I have the following statement: "If $U^TU$ is the identity matrix, then the columns of $U$ form an orthonormal set".
I want to figure out if it is true or not. By the way I know that it works with the square matrix, but is it right for any matrix $U$??
On
Let us suppose that $U\in\text{M}_{m\times n}(\textbf{F})$. Then we can express it as $U = [u^{T}_{1},u^{T}_{2},\ldots,u^{T}_{n}]$, where each $u^{T}_{j}\in\textbf{F}^{m}$. Consequently, one has that $U^{T} = [u^{T}_{1},u^{T}_{2},\ldots,u^{T}_{n}]^{T}$. Finally, due to the assumption $U^{T}U = I_{n}$, we conclude that $u_{j}u^{T}_{j} = 1$. That is to say, $\|u_{j}\| = 1$.
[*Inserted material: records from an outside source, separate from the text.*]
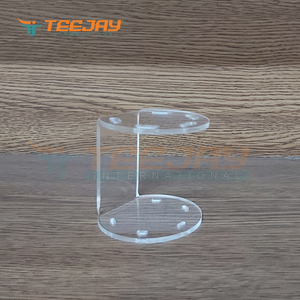 Expositor de acrílico transparente portátil para 5 pinzas, soporte de exhibición para pinzas de pestañas y cejas, exhibición de mostrador - Product Image 3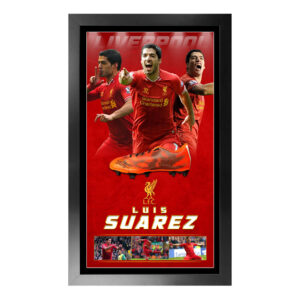 Soccer - Luis Suarez Liverpool Signed & Framed Boot (PSA)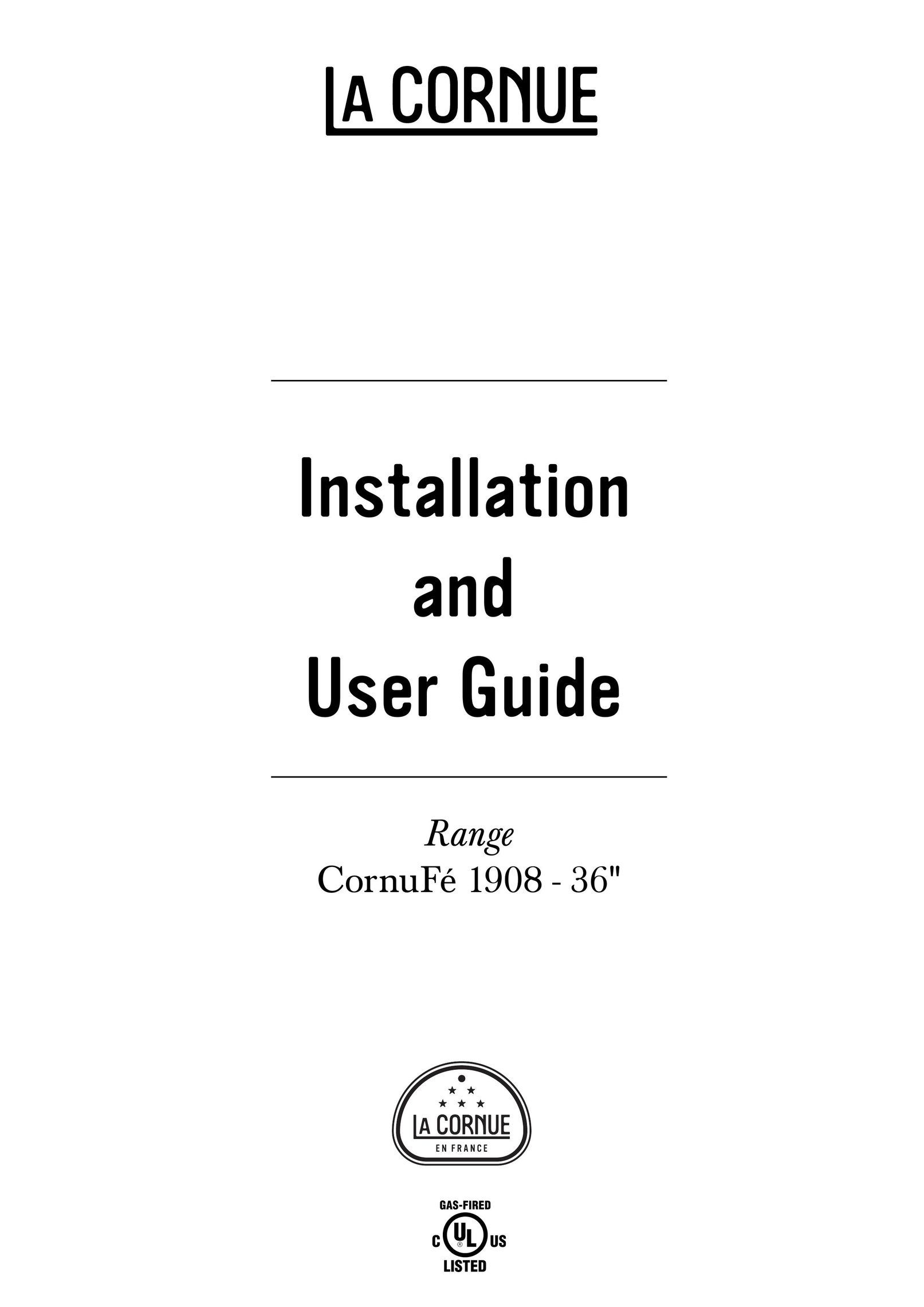 GE 1908 - 36" Range User Manual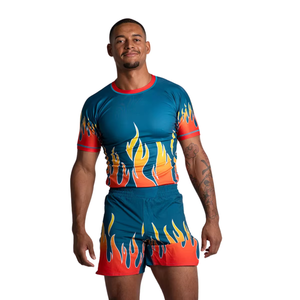 High Quality Short Sleeve Men Swimming <b>Surfing</b> Rash Guard Black White Compression Tops Wholesales Men T Shirt MMA Rashguard - Product Image 4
On the other hand, based on the same assumption, one has that $u_{i}u^{T}_{j} = 0$ for $i\neq j$. This means the set $\{u_{1},u_{2},\ldots,u_{n}\}$ is mutually orthogonal, just as it has been claimed.
Hopefully this helps.
It is true in general:
By the very definition of matrix multiplication, the $(i,j)$-entry of $U^TU$ is the scalar product of the $i$th row of $U^T$ with the $j$th column $u_j$ of $U$, so that $$(U^TU)_{i,j}=\langle u_i, u_j\rangle$$ and thus it is the identity matrix iff $u_i$ is an orthonormal system (but not necessarily a basis).